The White River Agency experienced rapid turnover, and in 1879 Union Colony founder Nathan Meeker was appointed to lead it. A devout zealot committed to “civilizing” the Utes, Meeker took a heavy-handed approach. He requested federal troops to keep Utes from leaving the reservation to hunt, and he deliberately plowed pastures and sought to destroy the Utes’ centuries-long relationship with the horse. Meeker’s treatment of the Utes culminated in the 1879 Meeker Incident, during which Utes killed Meeker and the agency’s staff. After an investigation into the matter, a new agreement was drawn up in 1880 that would remove all of Colorado’s Utes except the Muache, Capote, and Weeminuche, who were deemed not to be culpable in the incident.
Ouray refused to sign the 1880 Treaty, and he died before it was ratified and forced upon his people. Many Utes refused to abandon their homelands. In 1881 the US Army force-marched them onto a new reservation in northeast Utah, leaving the 110-mile strip of the Southern Ute Reservation as the only remaining Ute land in Colorado.
In the national context, the Ute Treaty of 1868 was one of many treaties between the United States and Native Americans that year, including those with the Navajo and Lakota. At the time, these significant treaties were hailed as milestones in US-Indian relations. President Andrew Johnson gave silver peace medals to each Ute at the 1868 meetings. Yet no matter what the government promised in treaties, leverage remained with the United States and its superior military force.
While Indian leaders often considered treaties to be binding agreements, the US government more or less considered them conditional arrangements, good only until the growing nation needed more land. For example, in 1871 Congress created a workaround to the 1868 Treaty by passing the Indian Appropriations Act. Invalidating an 1832 Supreme Court decision, the act declared that Indians did not belong to “sovereign nations” and thus could not enter treaties. This development made it easier to negotiate more land away from the Utes, such as in the 1873 Brunot Agreement.

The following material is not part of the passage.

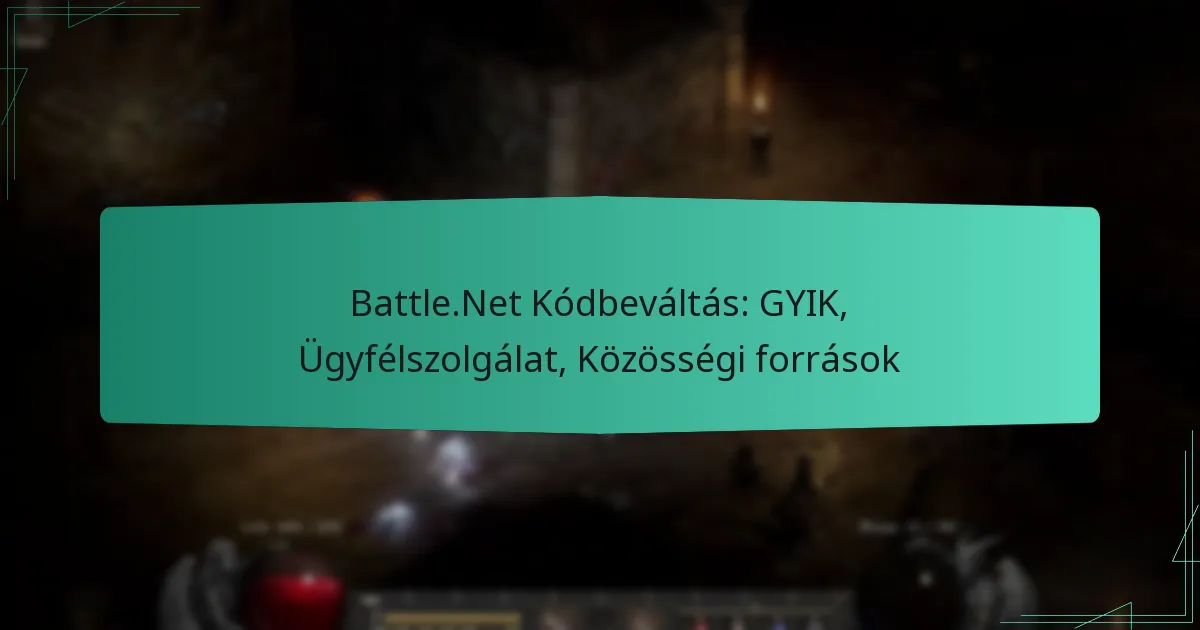 Battle.Net Kódbeváltás: GYIK, Ügyfélszolgálat, Közösségi források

Still, without the 1868 treaty, white homesteaders and miners may have incited more violence between themselves and Ute people, and without leaders like Ouray, the Utes may have bled themselves out fighting a better-armed foe. In the end, the treaty might best be remembered as both a valiant attempt at peace on the part of Ute leaders and a pragmatic ploy by the US government to separate a people from their ancient homelands.